Are You Solving the Problem or Building the Person?

“Give a man a fish and you feed him for a day. Teach him how to fish and you feed him for a lifetime” – Leo Tzu.

Throughout my ten years in a corporate environment, there’s one sentence that stuck with me. It took place during a performance review, where I received unexpected feedback—not the feedback I thought I would get, but, as it happened, the feedback I needed to get. 

As a Senior Associate, I once worked with an Associate whose performance didn’t meet the required standards. Their mistakes created extra work for me, and during my review, I anticipated the usual critique: that I should have been more on top of things, reviewing their work multiple times to ensure error-free deliverables. This was obvious, and I didn’t need anyone to tell me this.

Instead, my Manager asked a question that has stayed with me to this day:
“What could you have done differently to ensure that the Associate would have performed their work to the required standard?”

This question caught me off guard. “What do you mean? I have already had to redo their work multiple times myself,” I remember thinking. But then I understood what my Manager meant. The act of staying late in the office, silently cursing the Associate for making them do their work on top of mine was, ultimately, nothing but a quick fix, solving the immediate problem at hand, yes, but nothing more. What my Manager encouraged me to do was to think beyond the short-term. How could I guide, teach and mentor my Associate to ensure they developed the skills and mindset to succeed on their own?

It demanded a shift in perspective.

I realized that it is easy to step in and take over someone else’s work. Sitting down to thoughtfully guide the person how they can do better is harder—yet it is this act that generates growth and fosters long-term success. I had instead helped co-create an environment of dependency. Rather than enabling growth, I had been preventing growth. 

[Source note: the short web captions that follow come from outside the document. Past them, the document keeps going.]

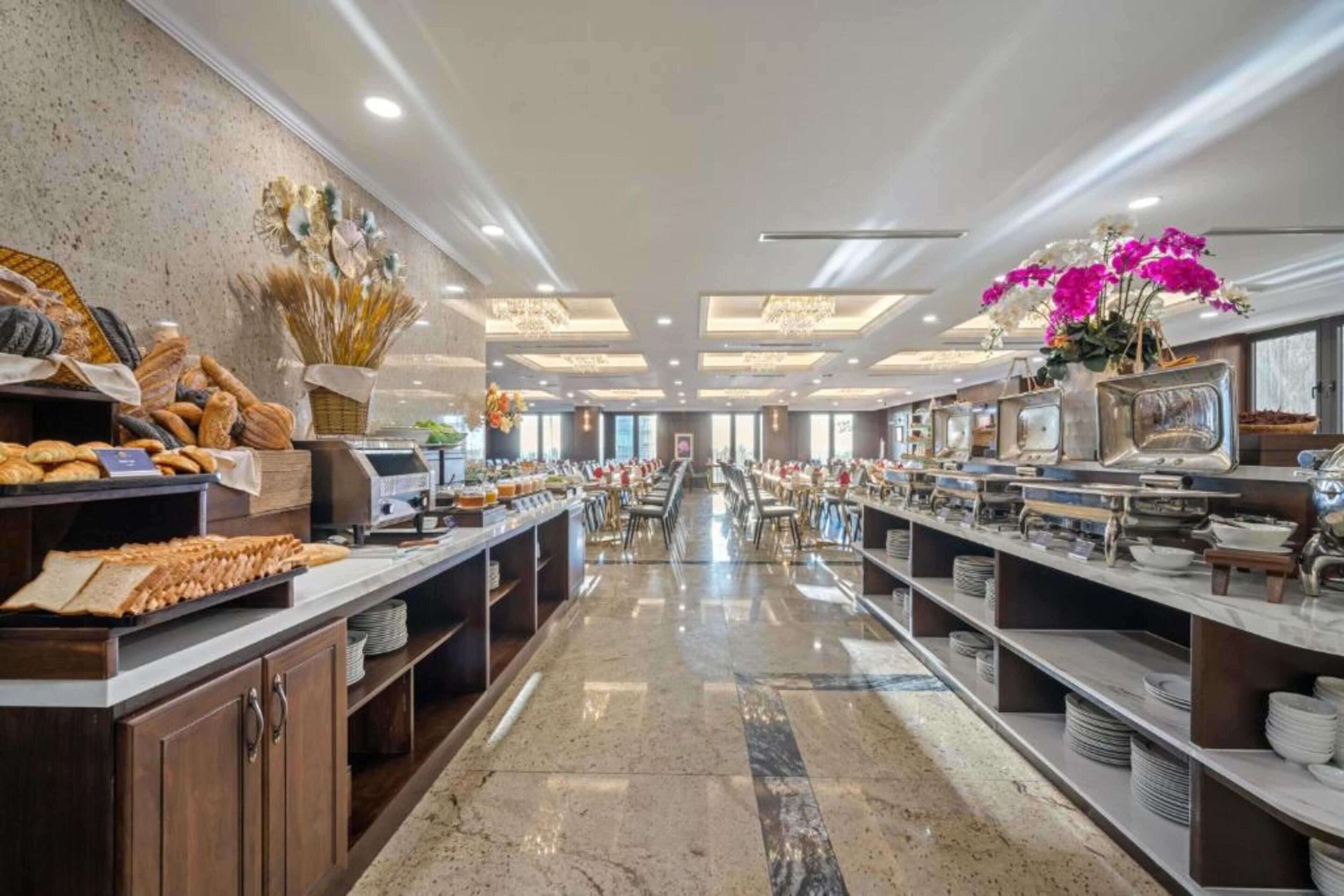 Amplia zona de buffet con múltiples estaciones de comida y una larga barra.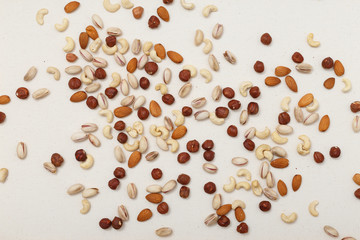 Composition of nuts pattern - mix hazelnuts, cashews, almonds, pistachios.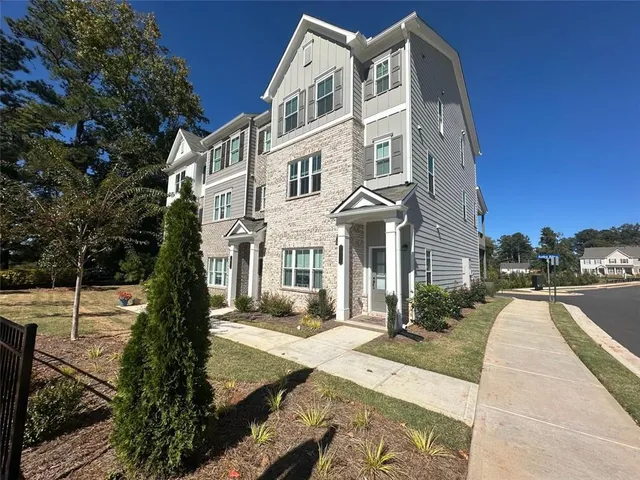 a view of a building with a yard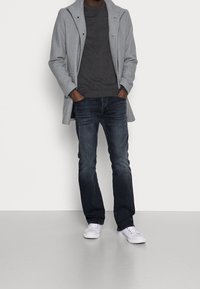 Harmaa villatakki yllään tumma neule, yhdistetty sinisiin farkkuihin ja valkoisiin tennareihin. Takissa on jämäkkä kaulus ja napit yksityiskohdissa.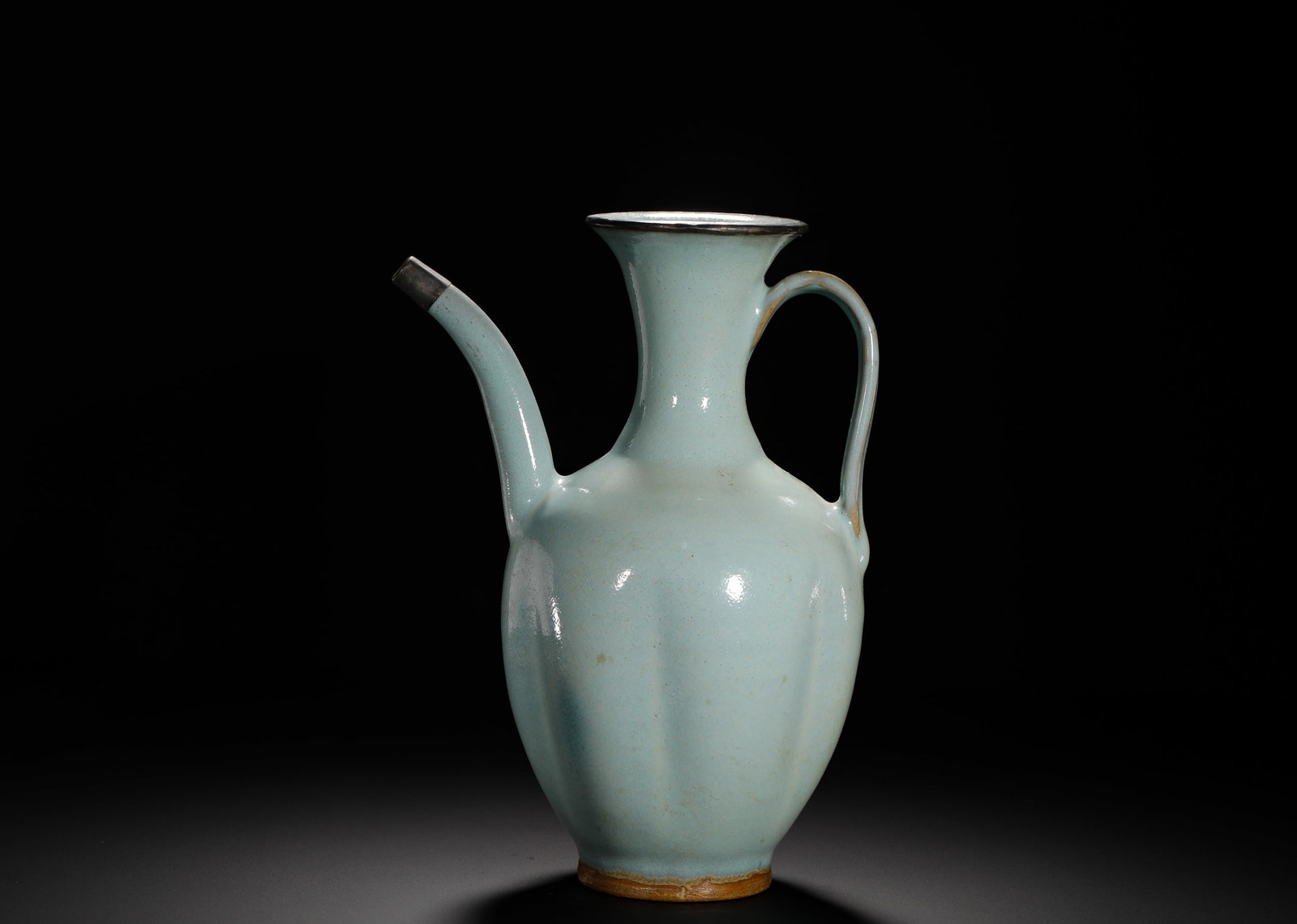 SONG JUN KILN SKY BLUE GLAZED MELON-SHAPED EWER: HEIGHT:24CM (9.45IN) WIDTH:17.5CM (6.89IN) WEIGHT:980G (2.16LB) JUN KILN MELON RIBBED EWER WITH SKY-CELADON GLAZE AND SILVER MOUNT, SONG DYNASTY. THE MELON-SHAPED BELLY IS COVERED IN CREAMY PALE BLUE 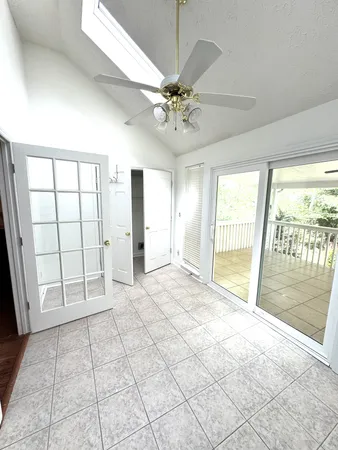 a view of an empty room with window and chandelier fan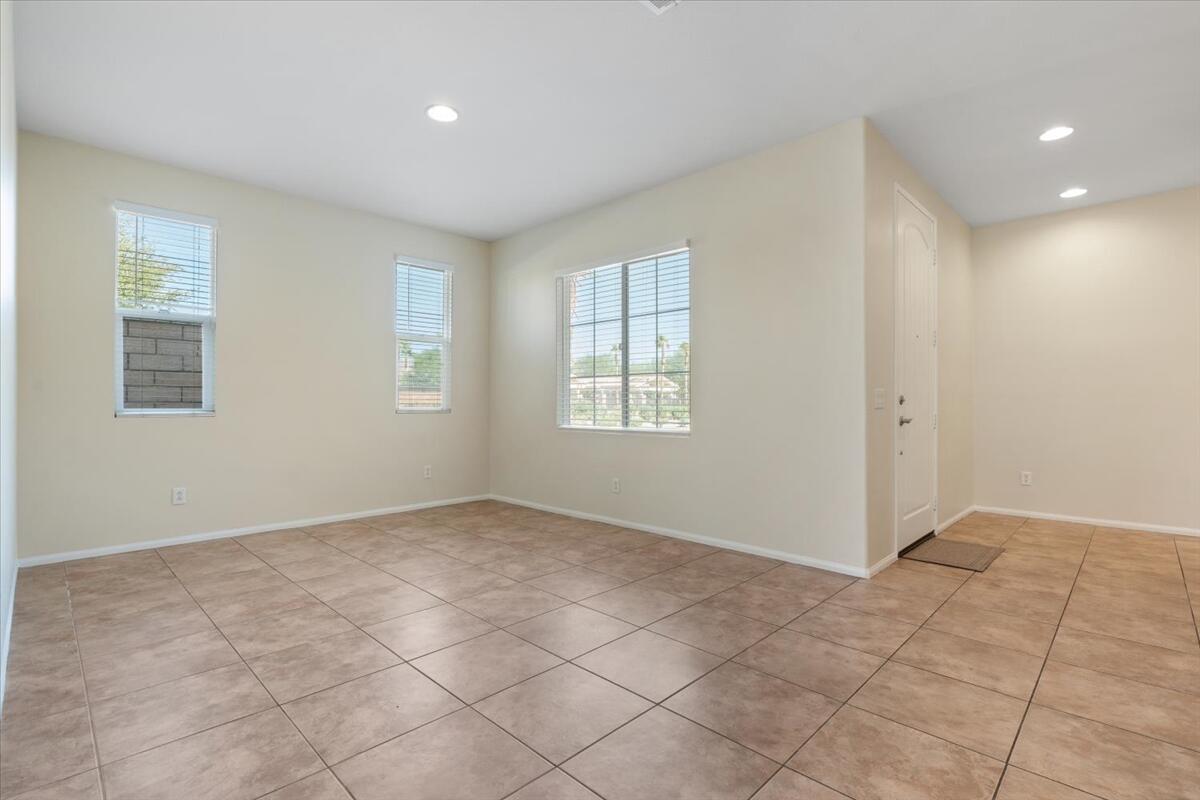 82732 Castleton Drive Indio, CA 92203 - Photo 3 of 45 an empty room with windows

This realization can be applied to all parts of life. Imagine, say, your child is trying to learn to tie their shoelaces. When you are in a rush in the morning, already late for school and work, stepping in and tying them yourself, avoiding the frustration of watching them fumble again and again, will solve the immediate problem at hand. But by doing so, you take away the opportunity for them to learn and build confidence.

Instead, the act of sitting with them, guiding them step by step and letting them practice—even if it takes longer—has a lasting impact. They develop the skill to tie their shoes independently and build strength in the face of challenges—even if it means meeting the eyes of the strict teacher at the school drop-off.

It did take a few extra late nights in the office, this time with the Associate sitting next to me, but it didn’t take long before I only had to take a cursory glance at their work, knowing that it would already be of high quality, allowing me to safely log out in time to go home and have dinner with my family.